En ese descuido, sentí que me atoraba con algo, antes de voltear a ver de qué se trataba, una mano apretó mi muslo, solté un golpe a ciegas hacia atrás, pegó con un brazo, que a la par del sonido del golpe, escuché un “tranquilo carnal”. Apenas pude voltear a verlo a la cara cuando sentí que alguien me tomó por la espalda, traté de soltarme, “cálmate carnal, va a ser rápido”, dijo la voz a mis espaldas. otro tipo apareció por detrás del primero, se levantó la playera de resaque, tomó una pistola que traía en la cintura y me la puso en el pecho. Dejé de poner resistencia.

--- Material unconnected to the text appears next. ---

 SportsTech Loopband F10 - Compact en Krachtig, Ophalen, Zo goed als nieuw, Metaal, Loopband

A veces, cuando llegábamos a poner el puesto, había dos tipos que traían su mesita y se ponían ahí en la esquina del puesto de tu abuelita —me contaba mi padre. Eran dos amigos que lo que hacían era hacer tranzas a las personas con el juego de “la bolita”. Nosotros los reconocíamos porque llegaban a la misma hora que todos los puestos, pero cuando empezaba a llegar la gente, uno se iba a dar la vuelta. Comenzaba a tantear personas y siempre había uno que creía que traía la suerte, pero el gancho era que el amigo, se hacía pasar por parte del público y te hacía creer que cualquiera podía ganar apostando por encontrar la bolita debajo de los vasos. Lo que no sabían las víctimas, es que de seguro ya los habían visto desde antes, y sólo esperaban a agarrarte distraído y solo, para comenzar con su acto.

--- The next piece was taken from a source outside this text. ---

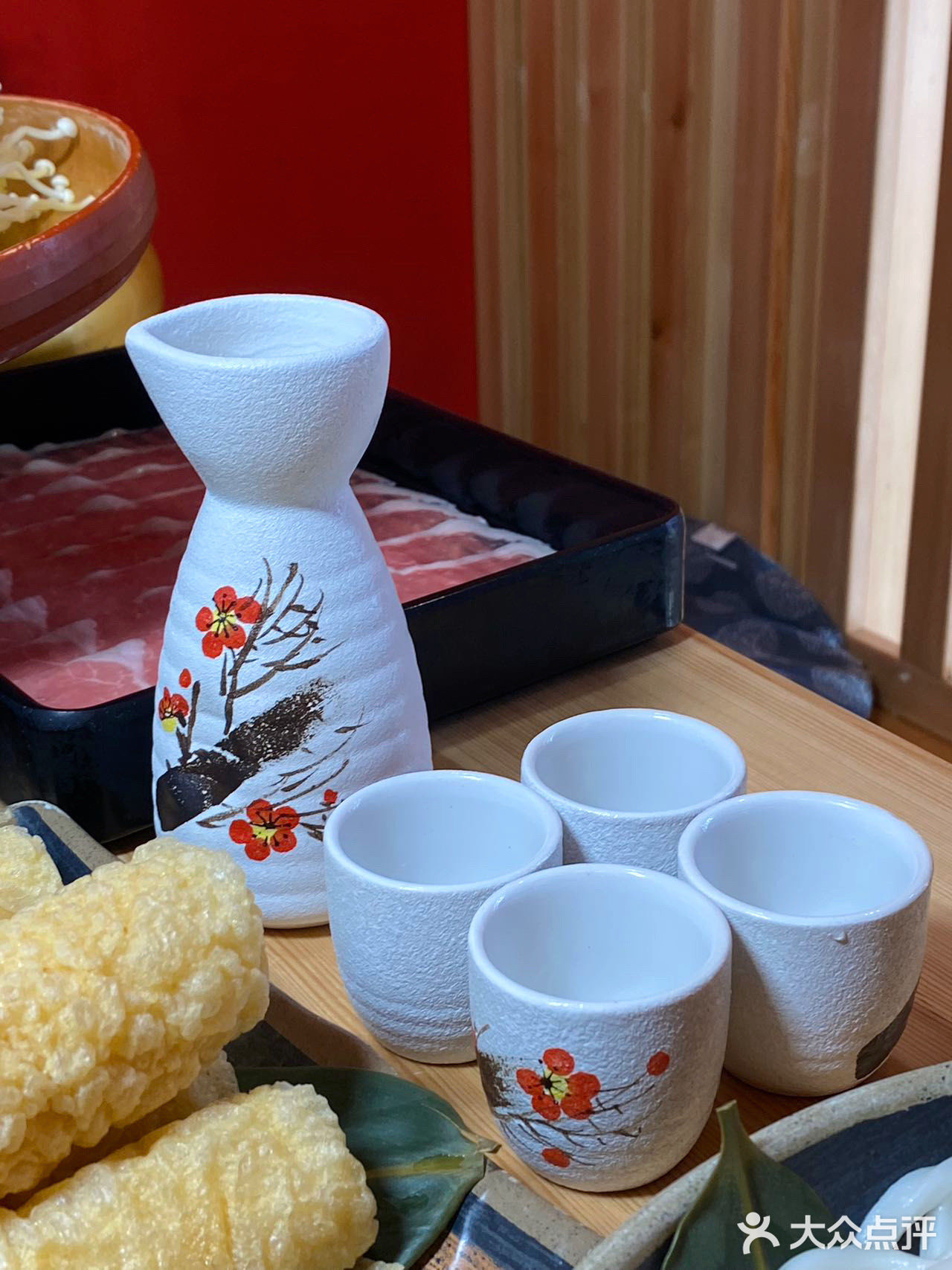 冬日里无法拒绝的美食，和牛寿喜锅，热气腾腾，好温暖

Me revisaron dos veces cada bolsillo. Nadie parecía notar que a la entrada del mercado estaban tres tipos apuntando a un cuarto mientras lo asaltaban. Volteé alrededor y había un policía viendo hacia otro lado, inmutable el punto a donde miraba, e irónico lo que pasaba a sus espaldas. Algo cayó al suelo desde mi bolsillo, por más que quise, no pude voltear al suelo, se perdió la tensión en mi espalda y los tipos ya se habían ido por diferentes lados cada uno. Caminé a la esquina, aún me esperaban mis tres amigos para cruzar la calle.

“¿Estás bien?”, preguntó César mientras los otros dos comenzaban a atravesar, asentí atónito a lo que acababa de ocurrir, aún tenía hambre. Mientras cruzamos a la otra acera revisé mis bolsillos, había perdido la pluma, en el bolsillo trasero tenía un par de boletos del metro, el cuaderno seguía donde mismo, y al fondo de mi bolsillo delantero, sentí los origamis.

—…resulta que no lo asaltaron, lo manosearon. Porque Pepe tiene la manía de doblar los billetes en pinches origamis y no se dieron cuenta que llevaba dinero consigo— Dijo César y reímos al final.